Information provided:
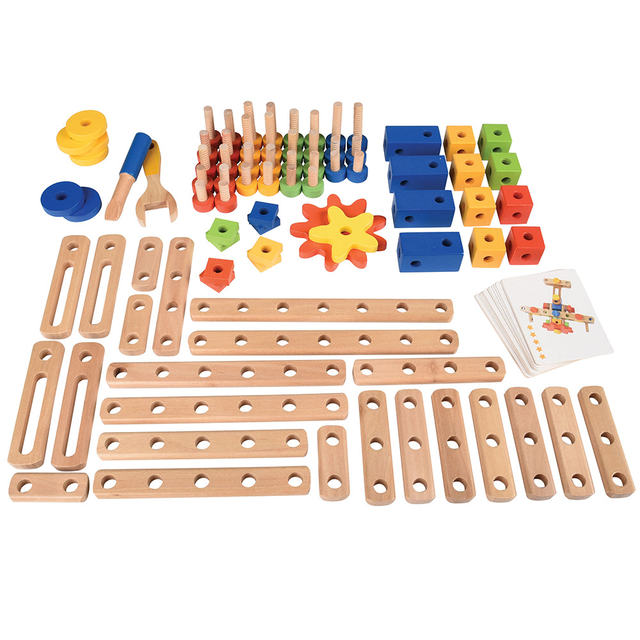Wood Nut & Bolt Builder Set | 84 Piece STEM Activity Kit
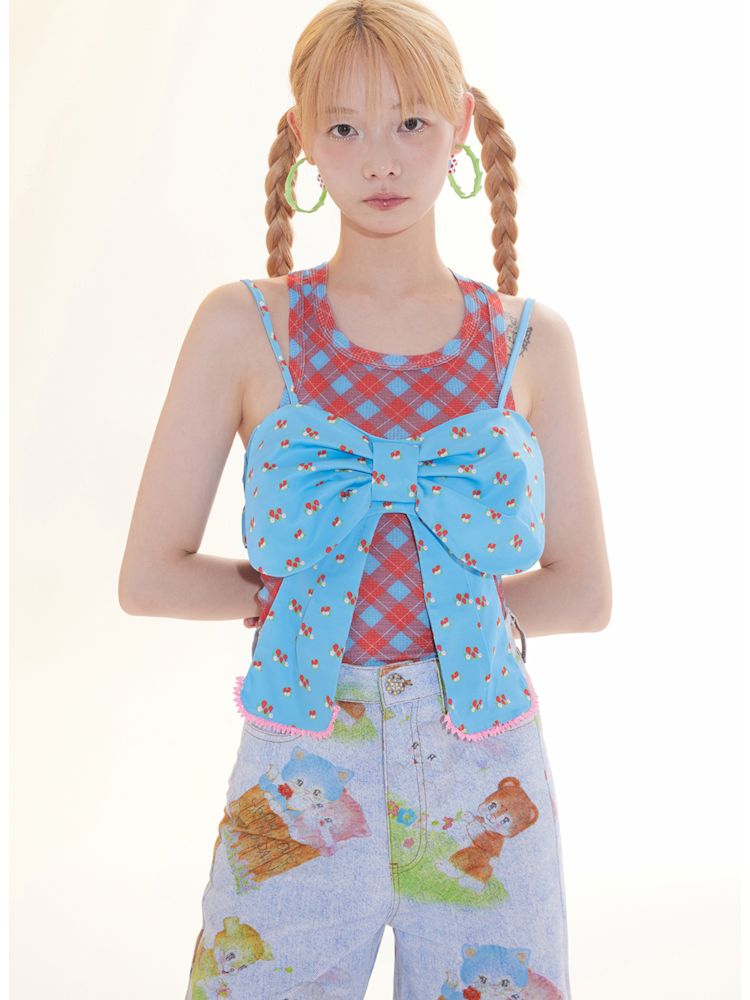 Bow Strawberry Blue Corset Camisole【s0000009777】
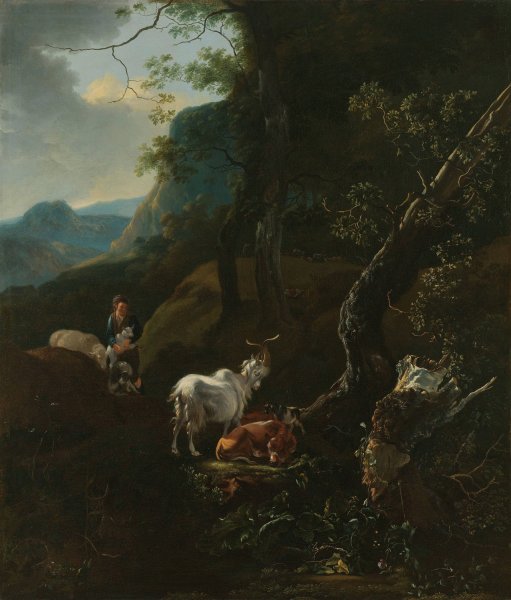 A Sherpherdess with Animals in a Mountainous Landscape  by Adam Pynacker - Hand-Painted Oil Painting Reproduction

--

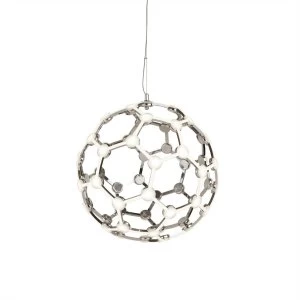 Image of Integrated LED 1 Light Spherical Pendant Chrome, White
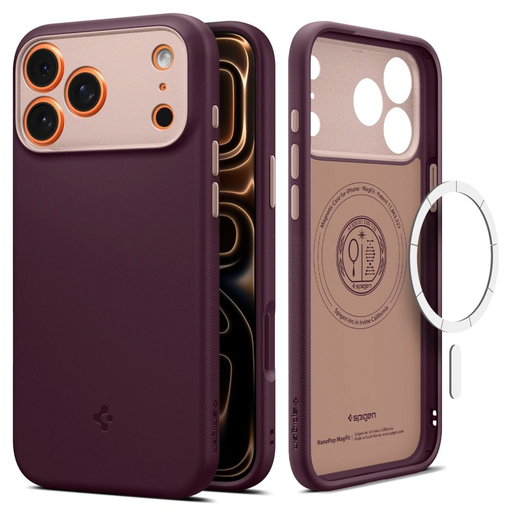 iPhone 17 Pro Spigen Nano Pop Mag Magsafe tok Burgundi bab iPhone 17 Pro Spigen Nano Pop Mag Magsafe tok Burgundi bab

Problem description: Your output should be the lines above from the one that contains "Wood Nut & Bolt" through the one that contains "A Sherpherdess with", word for word, with pictures left out.

Expected output:
Wood Nut & Bolt Builder Set | 84 Piece STEM Activity Kit
 Bow Strawberry Blue Corset Camisole【s0000009777】
 A Sherpherdess with Animals in a Mountainous Landscape  by Adam Pynacker - Hand-Painted Oil Painting Reproduction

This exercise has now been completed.